たとえば、先日の「パパ大会」。放送当日は父の日とあって、番組のサブタイトルには「司会は6児の父 谷原章介」とバッチリ表記されている。そして番組が始まると、四人のパパ回答者や応援席の家族に対して「どんなお父さんですか?」「反抗期の息子さんにいいところを見せてください」などと言葉をかける。
そんな中、突如として「夫婦仲はよろしいですか?」と質問したのにはびっくりした。ですます調でさりげなく、うっかり聞き流しそうだったが、よく考えたらなかなかできない質問だ。なのに、あのスマートな微笑みで聞かれると、つい答えてしまうから不思議。恐るべし、谷原スマイル。
パパ特集の翌週は、がらり雰囲気が変わって、「女性特集」。四人の妙齢な女性回答者の前の谷原は、まさに「水を得た魚」のごとくスマートパワーを炸裂させた。
正解を出した回答者に「そうです!」「お見事!」と微笑み返しをするのは当然のこと。「香川照之」を「かがわてるあき」と答えてしまった回答者には「惜しい!照之さんなんですね。惜しい~!」と励ます。パネルが一枚もなかった緑のボックスの回答者には、「緑、大丈夫ですか? リラックスしますか」と自ら腕をぐるぐると回してリラックスを促す。すると、緑はメキメキと力を発揮し、あっという間にトップの座を狙えるほどの正解を連発したのである。
回答者が三姉妹の母だと知ると「男親からすると女の子は仲が悪くても可愛いです」、ハーブの問題が出ると「ジャスミンはいいですね。丈夫でかまわなくてもよく育つ」と家庭的なトークもさしはさんで場を和ませる。心憎い配慮だ。ちなみに児玉清は、「アタックチャンス」の前に回答者の緊張をほぐすため、いったん小休憩もとり、自らキャンディーを配る習慣があった。私も取材に出かけた際にいただいたことがあったが、場を和ませる心配りも、谷原流に引き継がれているようだ。

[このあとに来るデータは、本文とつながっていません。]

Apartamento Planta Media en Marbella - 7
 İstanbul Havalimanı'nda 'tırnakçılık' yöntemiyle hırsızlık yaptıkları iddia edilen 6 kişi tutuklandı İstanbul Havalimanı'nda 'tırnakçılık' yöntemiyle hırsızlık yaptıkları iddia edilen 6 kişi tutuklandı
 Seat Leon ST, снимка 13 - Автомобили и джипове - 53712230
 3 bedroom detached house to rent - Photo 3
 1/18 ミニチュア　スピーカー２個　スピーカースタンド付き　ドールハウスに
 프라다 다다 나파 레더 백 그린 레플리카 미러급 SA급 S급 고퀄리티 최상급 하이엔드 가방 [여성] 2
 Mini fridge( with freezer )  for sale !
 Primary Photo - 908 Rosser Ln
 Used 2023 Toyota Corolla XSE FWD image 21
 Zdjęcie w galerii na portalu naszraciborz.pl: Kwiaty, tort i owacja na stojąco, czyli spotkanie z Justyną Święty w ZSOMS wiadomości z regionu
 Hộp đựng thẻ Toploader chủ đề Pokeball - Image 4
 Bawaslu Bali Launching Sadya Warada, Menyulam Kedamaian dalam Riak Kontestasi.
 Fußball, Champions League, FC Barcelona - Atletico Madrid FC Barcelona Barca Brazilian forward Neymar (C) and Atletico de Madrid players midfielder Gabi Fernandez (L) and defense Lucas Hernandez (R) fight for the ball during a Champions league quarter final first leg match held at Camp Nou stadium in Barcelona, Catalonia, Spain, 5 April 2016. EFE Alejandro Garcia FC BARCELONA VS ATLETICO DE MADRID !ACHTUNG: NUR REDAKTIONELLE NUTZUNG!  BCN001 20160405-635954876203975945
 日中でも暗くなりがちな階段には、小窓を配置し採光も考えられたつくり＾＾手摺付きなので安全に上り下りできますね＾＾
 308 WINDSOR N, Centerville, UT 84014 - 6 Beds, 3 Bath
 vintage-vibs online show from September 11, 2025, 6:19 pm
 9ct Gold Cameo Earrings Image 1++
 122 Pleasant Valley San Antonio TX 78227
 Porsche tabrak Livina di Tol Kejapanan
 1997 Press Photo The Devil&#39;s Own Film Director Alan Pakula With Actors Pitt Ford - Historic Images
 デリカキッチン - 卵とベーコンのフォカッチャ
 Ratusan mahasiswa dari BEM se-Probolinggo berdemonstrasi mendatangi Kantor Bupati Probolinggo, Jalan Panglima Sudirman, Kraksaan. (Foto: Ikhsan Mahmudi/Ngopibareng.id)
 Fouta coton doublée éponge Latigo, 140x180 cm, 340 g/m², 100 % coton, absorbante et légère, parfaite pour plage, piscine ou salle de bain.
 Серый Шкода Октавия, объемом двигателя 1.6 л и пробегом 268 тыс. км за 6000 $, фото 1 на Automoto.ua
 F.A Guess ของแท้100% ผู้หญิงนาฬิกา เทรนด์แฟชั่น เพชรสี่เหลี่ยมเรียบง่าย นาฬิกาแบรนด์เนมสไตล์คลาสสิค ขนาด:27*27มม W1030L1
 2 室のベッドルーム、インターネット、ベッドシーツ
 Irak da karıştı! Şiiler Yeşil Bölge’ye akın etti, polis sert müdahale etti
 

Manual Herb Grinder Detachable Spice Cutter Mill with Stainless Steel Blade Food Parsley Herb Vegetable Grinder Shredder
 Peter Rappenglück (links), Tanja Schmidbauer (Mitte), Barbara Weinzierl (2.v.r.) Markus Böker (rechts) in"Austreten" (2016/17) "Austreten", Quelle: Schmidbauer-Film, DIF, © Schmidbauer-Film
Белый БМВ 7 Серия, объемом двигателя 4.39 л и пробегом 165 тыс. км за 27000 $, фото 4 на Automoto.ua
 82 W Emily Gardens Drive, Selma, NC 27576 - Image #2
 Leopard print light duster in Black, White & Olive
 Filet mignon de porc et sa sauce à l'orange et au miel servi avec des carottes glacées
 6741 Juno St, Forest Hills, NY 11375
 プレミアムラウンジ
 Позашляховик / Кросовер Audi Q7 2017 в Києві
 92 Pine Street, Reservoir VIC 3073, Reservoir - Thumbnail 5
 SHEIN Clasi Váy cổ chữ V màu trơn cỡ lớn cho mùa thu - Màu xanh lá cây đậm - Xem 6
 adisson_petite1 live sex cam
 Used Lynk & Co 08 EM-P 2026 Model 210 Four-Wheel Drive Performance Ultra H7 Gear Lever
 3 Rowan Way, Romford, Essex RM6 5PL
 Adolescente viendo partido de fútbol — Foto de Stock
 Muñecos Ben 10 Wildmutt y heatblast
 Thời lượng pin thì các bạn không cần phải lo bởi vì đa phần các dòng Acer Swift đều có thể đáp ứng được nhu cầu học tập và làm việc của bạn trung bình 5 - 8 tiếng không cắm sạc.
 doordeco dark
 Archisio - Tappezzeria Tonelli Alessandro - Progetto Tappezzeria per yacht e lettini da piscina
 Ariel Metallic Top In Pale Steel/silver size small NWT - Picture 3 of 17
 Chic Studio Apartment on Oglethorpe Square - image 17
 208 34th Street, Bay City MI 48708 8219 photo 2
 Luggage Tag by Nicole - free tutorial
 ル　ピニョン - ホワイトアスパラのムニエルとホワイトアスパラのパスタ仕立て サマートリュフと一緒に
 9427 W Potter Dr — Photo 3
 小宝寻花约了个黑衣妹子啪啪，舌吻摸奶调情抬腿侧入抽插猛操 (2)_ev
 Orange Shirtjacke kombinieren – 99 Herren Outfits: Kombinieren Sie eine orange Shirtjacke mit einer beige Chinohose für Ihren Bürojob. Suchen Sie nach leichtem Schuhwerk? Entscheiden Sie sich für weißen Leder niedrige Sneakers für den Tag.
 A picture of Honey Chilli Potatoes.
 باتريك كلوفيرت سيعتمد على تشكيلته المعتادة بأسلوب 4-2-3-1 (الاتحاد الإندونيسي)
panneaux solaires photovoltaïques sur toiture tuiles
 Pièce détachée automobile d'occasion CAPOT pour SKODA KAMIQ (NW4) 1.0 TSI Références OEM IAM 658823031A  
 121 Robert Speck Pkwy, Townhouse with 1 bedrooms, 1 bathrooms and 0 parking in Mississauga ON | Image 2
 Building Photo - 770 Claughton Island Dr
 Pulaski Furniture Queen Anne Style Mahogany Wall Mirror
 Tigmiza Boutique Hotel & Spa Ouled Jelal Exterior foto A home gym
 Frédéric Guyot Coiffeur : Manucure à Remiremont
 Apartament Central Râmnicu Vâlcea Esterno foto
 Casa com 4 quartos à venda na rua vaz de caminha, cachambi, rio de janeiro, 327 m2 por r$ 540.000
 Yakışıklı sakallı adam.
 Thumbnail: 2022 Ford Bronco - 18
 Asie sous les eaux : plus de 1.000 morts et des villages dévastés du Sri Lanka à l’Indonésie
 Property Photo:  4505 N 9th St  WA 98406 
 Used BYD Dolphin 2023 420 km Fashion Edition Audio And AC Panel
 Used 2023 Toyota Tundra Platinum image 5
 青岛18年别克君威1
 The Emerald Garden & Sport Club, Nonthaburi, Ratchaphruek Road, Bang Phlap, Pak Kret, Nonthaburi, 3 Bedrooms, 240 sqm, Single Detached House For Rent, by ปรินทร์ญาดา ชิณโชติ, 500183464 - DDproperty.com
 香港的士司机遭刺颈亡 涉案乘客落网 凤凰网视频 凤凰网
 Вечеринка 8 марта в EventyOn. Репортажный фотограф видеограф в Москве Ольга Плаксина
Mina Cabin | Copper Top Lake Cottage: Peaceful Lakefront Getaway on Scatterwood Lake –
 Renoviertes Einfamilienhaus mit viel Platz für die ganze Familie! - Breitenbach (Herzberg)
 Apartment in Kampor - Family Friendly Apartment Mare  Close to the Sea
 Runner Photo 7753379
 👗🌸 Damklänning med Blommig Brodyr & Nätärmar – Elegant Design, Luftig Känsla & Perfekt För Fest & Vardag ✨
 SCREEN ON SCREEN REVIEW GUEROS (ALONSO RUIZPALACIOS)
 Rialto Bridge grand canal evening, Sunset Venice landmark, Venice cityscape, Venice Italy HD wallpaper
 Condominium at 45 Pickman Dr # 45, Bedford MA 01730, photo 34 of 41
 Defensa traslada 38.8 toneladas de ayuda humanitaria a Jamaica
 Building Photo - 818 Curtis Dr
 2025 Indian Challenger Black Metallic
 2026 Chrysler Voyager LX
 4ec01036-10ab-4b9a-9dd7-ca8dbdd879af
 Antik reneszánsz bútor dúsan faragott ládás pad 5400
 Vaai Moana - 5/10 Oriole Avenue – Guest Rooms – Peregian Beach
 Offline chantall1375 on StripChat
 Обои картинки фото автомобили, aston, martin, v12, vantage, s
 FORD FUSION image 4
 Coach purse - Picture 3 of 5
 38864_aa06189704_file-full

いよいよ「アタックチャンス!」という場面。谷原は「アタックチャンス」の片手ガッツポーズも力まずさらりとした印象。断然、赤と緑が優勢で、せっかく獲得したパネルも取られて一枚もなくなってしまった青の回答者には「一枚開ければ逆にここがすごいチャンスですからね」と優しく激励する。確か前週のパパ特集の同じ場面で劣勢の青パネルのパパには「序盤の勢いがまったくありませんよ!」と背中を押していたのだった。パパに対しては同じ目線で、女性に対してはソフトに。激励を使い分ける谷原。
その後、青の女性回答者は見事一問正解!そして、「やっときた。(パネルは一枚当たり賞金一万円だから)現金持って帰ろう!」とフォローも忘れなかった。緑の攻勢といい、青の一枚ゲットといい、谷原の一言は魔法の言葉かも? 番組の新たな名物になりそうだ。